Нет, конечно, Гомер Симпсон — это карикатура. Фильмы Рязанова — все в основном они о том, как в мягком человеке конформном просыпается стержень, просыпается решительный, отважный человек действия. У Рязанова было три сквозных героя: в шестидесятые годы Юрий Яковлев, в семидесятые Мягков, и в восьмидесятые Басилашвили. Все они играли, если угодно, эту роль, играли вот на эту тему — пробуждение в человеке в последний критический момент стержня, чего-то сверхчеловеческого, особенного.
Вот мне пришло SMS: «Чрезвычайно сильное заявление». О чем чрезвычайно сильное заявление — не знаю, поясните, что вы имеете в виду. Я этих сильных заявлений делаю несколько в минуту, и уже привык, что многие из них вызывают такую однозначную… «Ну, теперь я наконец прозрел, ну теперь Быков наконец расчехлился». Слушайте, поймите уже раз и навсегда: Быков — это воплощение всех наиболее неприятных черт человеческой природы, и перестаньте ждать от меня чего-нибудь хорошего. А может быть, «сильное заявление» — здесь сказано в хорошем смысле?

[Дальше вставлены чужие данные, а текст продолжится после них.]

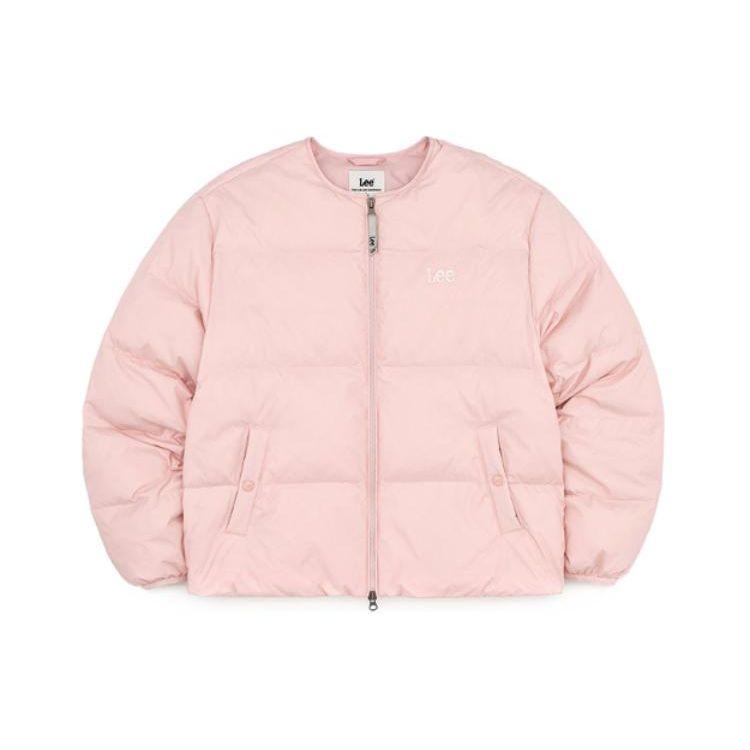 Korean Style Solid Color Logo Round Neck Zipper Long Sleeve Jacket Unisex jackets Pink LE2304DP10PI
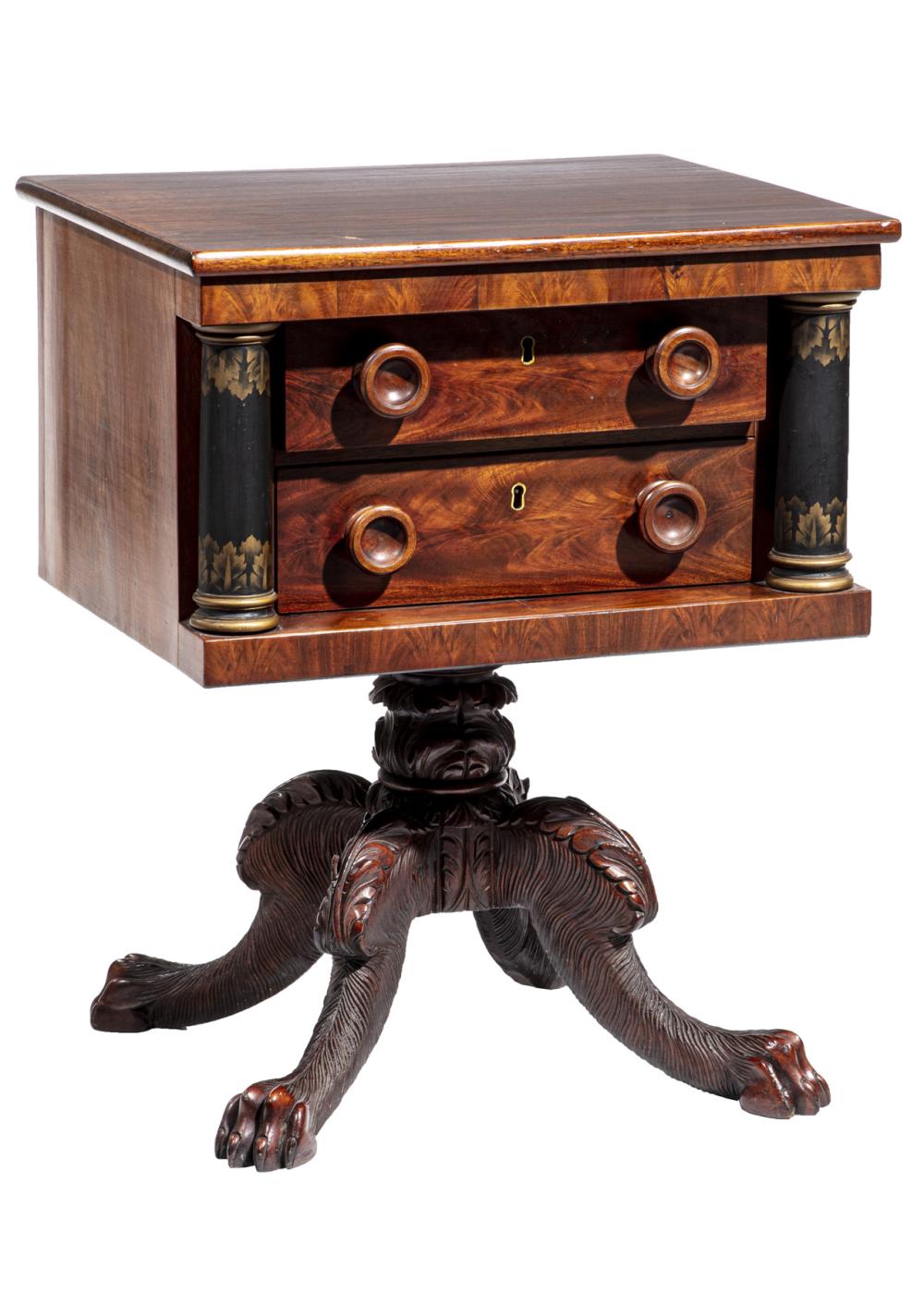 EBONIZED, GILT-STENCILED MAHOGANY WORK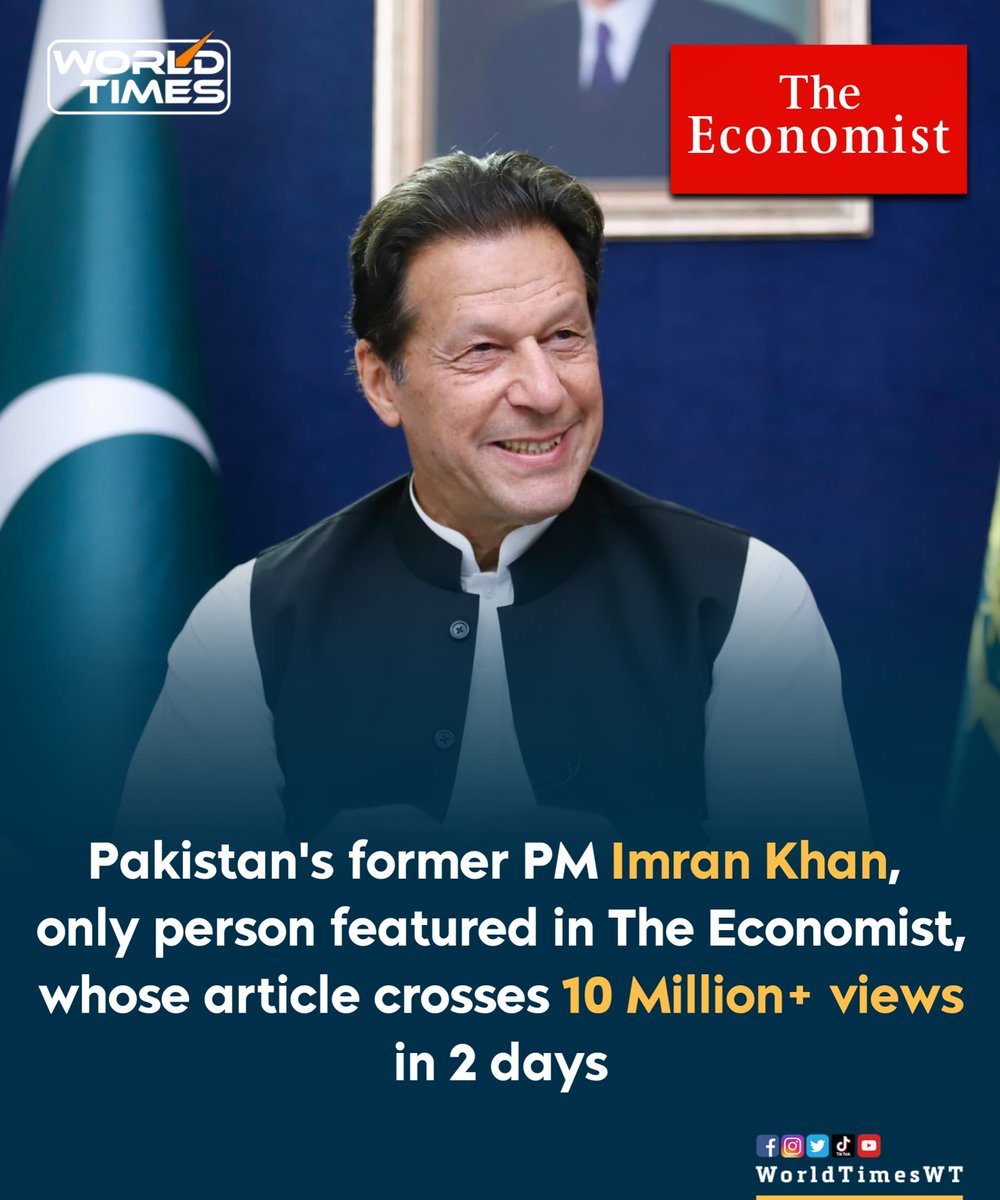 Pakistan's former prime minister Imran Khan, only person featured in The Economist, whose article crosses 10 Million+ views in 2 Days.

#Pakistan #ImranKhan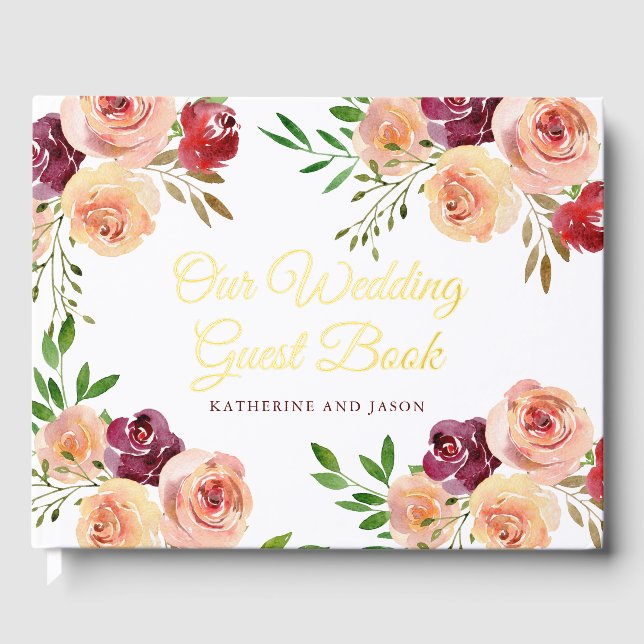 Elegant Burgundy Peach Floral Wedding Gold Foil Guest Book (Front)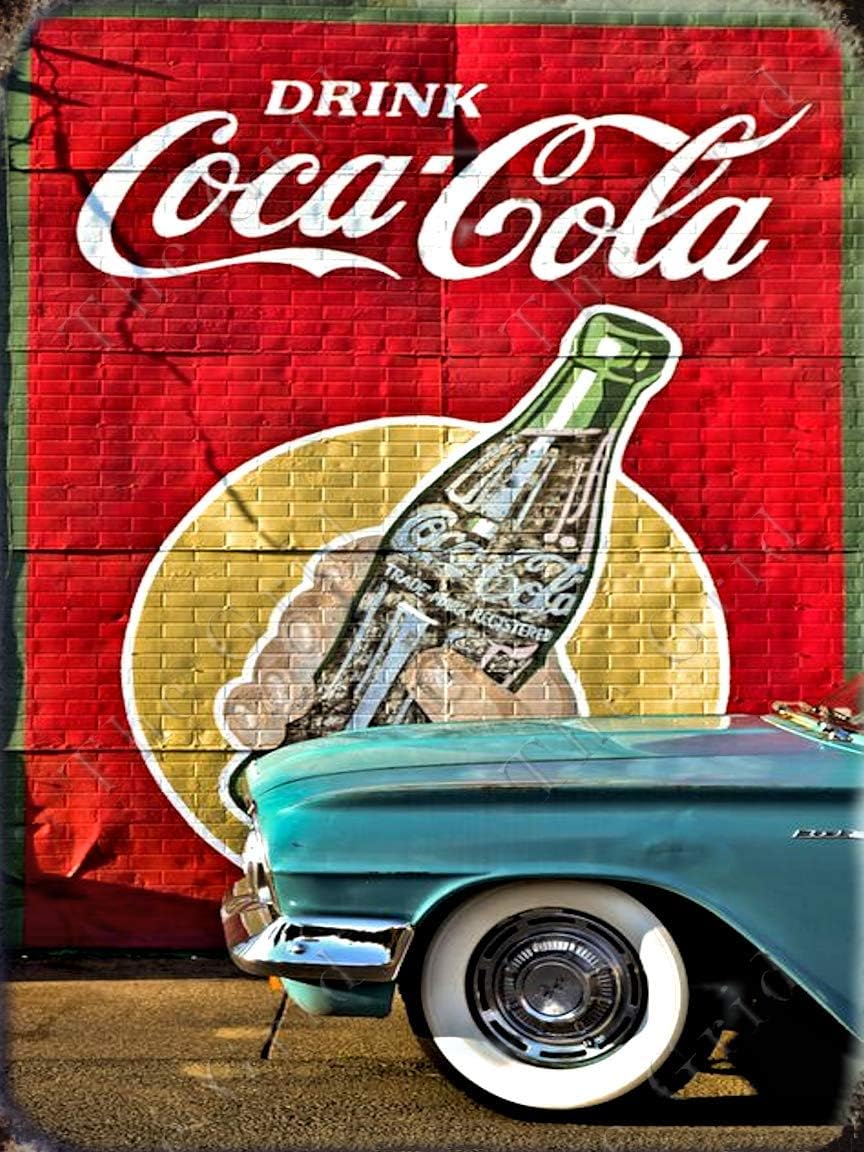 The Grid Metal Coke Tin Sign 50's Retro Kitchen Cocacola Vintage Coke Sign Drink Coca Cola Wall Decor Retro Posters Coca Cola Sign Vintage Coca Cola Signs Coke Decor Coca Cola Poster 12x8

«В чем заключается конфликт в Шарлоттсвилле? Можно ли сравнивать противоречия Севера и Юга у них и противоречия красных и белых у нас?»
Знаете, у меня в июне там герой высказывает такую мысль, вспоминая, как он в родном городе играл в индейцев, что война красных и белых — это продолжение войны краснокожих с бледнолицыми. Может быть, так и есть. Но на самом деле я уже много раз говорил о том, что разделить людей на, условно говоря, трудящиеся Севера и гедонистический Юг, или на радикальный Север и консервативный Юг, или на торгующий Запад и сакральный Восток — это как два пальца об асфальт, как два факса отослать. Это абсолютно элементарное дело. Если у людей нет ощущения будущего, они выясняют отношения и делятся на эти две категории.
Вот соответственно так получилось в Штатах при Трампе. Обратите внимание, что Гражданская война началась не при Линкольне, который пытался ее избежать, а при Бьюкенене, которого называют одним из худших президентов в американской истории.
«Сколько времени вы уделяете домашним делам, грубо говоря — починить розетку и вставить лампочку? Или у вас на это не остается времени?»
Ну знаете, розетку я чинить не берусь, лампочку вкрутить, как у всякого нормального человека, занимает у меня одну минуту, а так вообще-то я максимум своего времени, свободного от писания и чтения, уделяю даче и машине, то есть вещам, которые требуют воспитания. Детей воспитывать моих мне уже поздно, они уже воспитывают меня. Слава богу, я не особенно окружен хаосом. Я не могу сказать, что постоянно вокруг меня рушится мир. Единственное, что я все-таки в случаях каких-то крайних, типа внезапного прорыва водопровода, стараюсь обращаться к профессионалам.
«Как вы относитесь к творчеству Генина и Жванецкого?»
к творчеству Жванецкого — очень положительно, к творчеству Генина — знаю недостаточно.
Согласен со мной человек, что 1 сентября перестало быть праздником.
«Вы не раз и не два касались атеизма — мол, вам атеистов жаль, они ограниченные. Имхо, как раз ограничены верующие, и жалеть вам надо себя. Атеист считает, что после смерти нас ничего не ждет, но верующие не хотят признавать эту простую истину».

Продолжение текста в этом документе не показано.